Analyse zur Zürcher Wohnschutzinitiative: Value at Risk und Strategien zur Risikominimierung
Letzte Aktualisierung: 12. Mai 2025

Die kantonale Zürcher Wohnschutzinitiative, die voraussichtlich 2026 zur Abstimmung gelangt, dürfte im Fall einer Annahme signifikante Auswirkungen auf Immobilienportfolios haben. Institutionelle Investor:innen und Bestandshalter:innen müssen mögliche Wertminderungen und Einschränkungen bei Mietzinsanpassungen berücksichtigen. Eine präzise Portfolioanalyse hilft, den Value at Risk (VaR) zu bestimmen und gezielte Massnahmen zur Risikoreduktion abzuleiten.

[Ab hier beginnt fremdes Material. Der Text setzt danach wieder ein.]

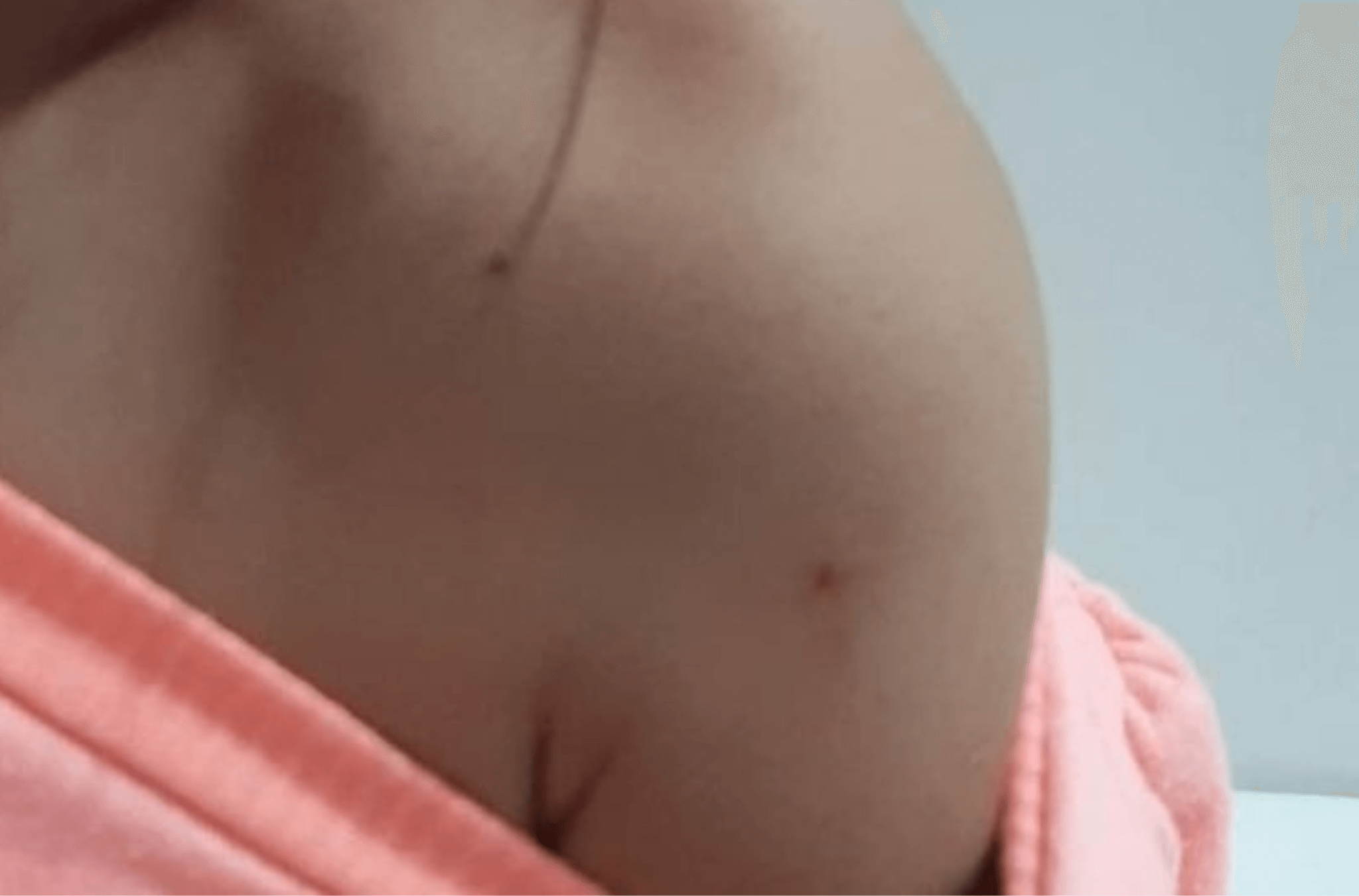 Imagem mostra furo em criança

Entstehung und Einreichung
Im Herbst 2023 lancierte der Mieterverband Zürich gemeinsam mit der SP, den Grünen und der AL die Wohnschutzinitiative. Nach dem Sammeln von 20’000 Unterschriften wurde diese im Februar 2024 offiziell eingereicht, womit es spätestens im Herbst 2026 zur Volksabstimmung kommt.

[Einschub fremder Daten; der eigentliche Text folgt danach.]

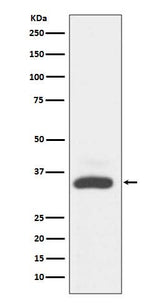 Anti-MAD2L1BP/Mad2L1 Binding Protein Rabbit Monoclonal Antibody Boster Bio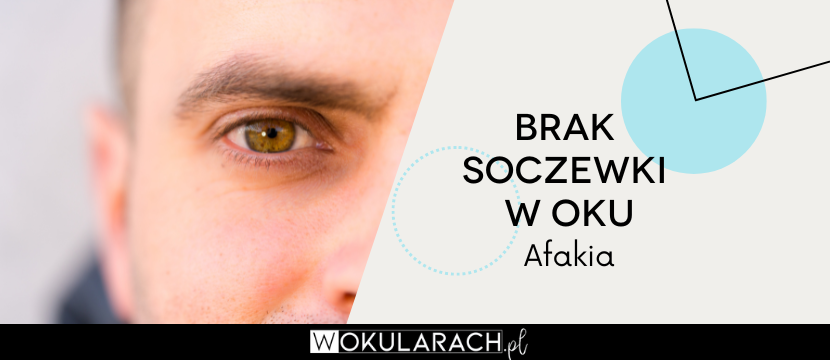 Brak soczewki w oku - afakia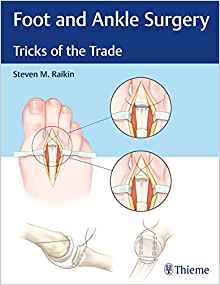 Foot and Ankle Surgery: Tricks of the Trade 1st Edition PDF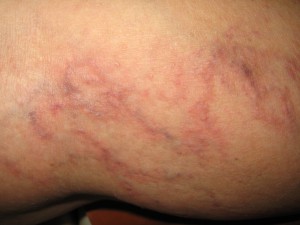 Varice superficiale 6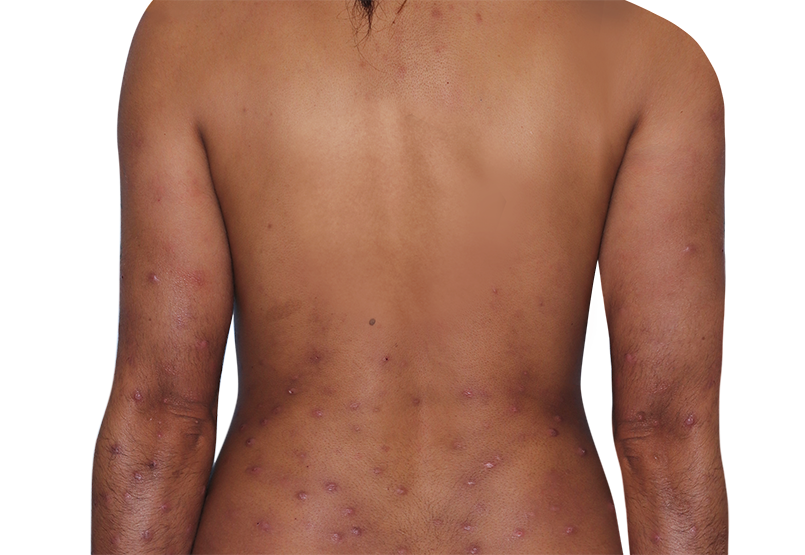 Image of an actual 31-year-old female patient at baseline with prurigo nodularis nodules on back and arms.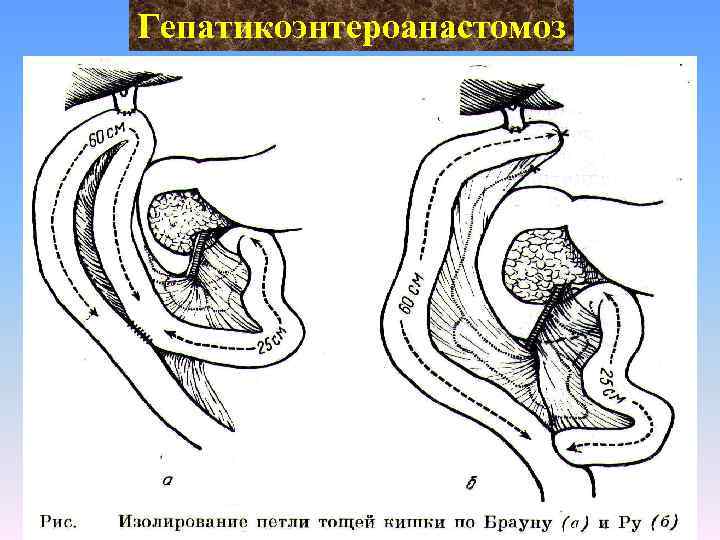 Гепатикоэнтероанастомоз 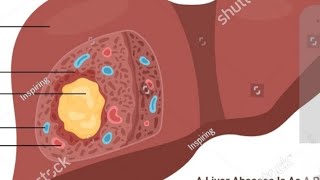 Medicine part Liver Abscess by sasi sir 20810517 [upl. by Giuliana]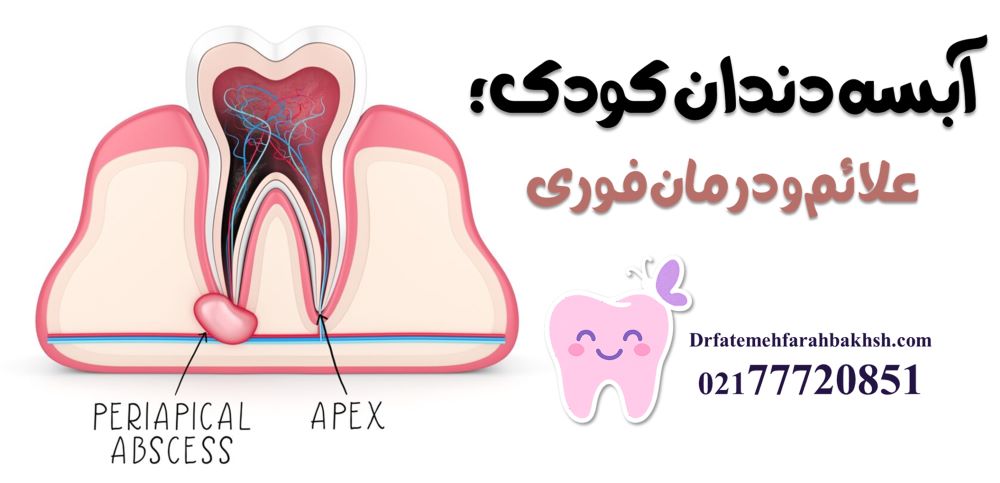 آبسه دندان کودک؛ علائم و درمان فوری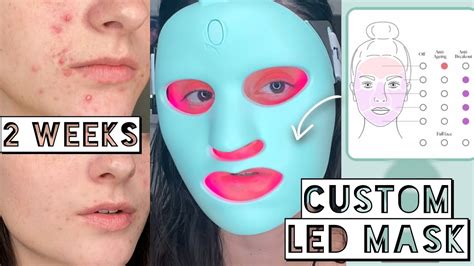 I TESTED A CUSTOM LED MASK ON MY ACNE FOR 2 WEEKS | The Ultimate Skin ...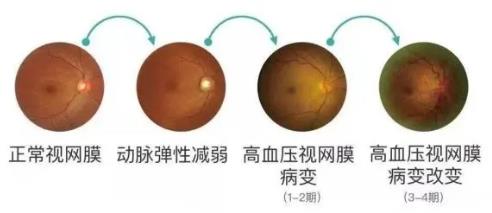 眼病精準(zhǔn)診斷再升級!鄭州尖峰眼科引進(jìn)蔡司CLARUS 500真彩超廣角眼底相機(jī)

Geplante Regelungen auf Kantonsebene
Die Vorlage sieht eine Anpassung des Gesetzes über Wohnbau- und Wohneigentumsförderung (LS 841) vor. Sie schafft einen Rahmen, in dem Gemeinden zusätzliche Instrumente erhalten, um bezahlbaren Wohnraum sicherzustellen – insbesondere bei:
- Wohnungsengpässen (Leerstand unter 1.5%)
- Renovationen und Umbauten
- Abbrüchen und Ersatzneubauten
- Umwandlungen von Miet- in Eigentumswohnungen
Im Baubewilligungsverfahren können Gemeinden zeitlich befristete Obergrenzen für Mietzinse festlegen.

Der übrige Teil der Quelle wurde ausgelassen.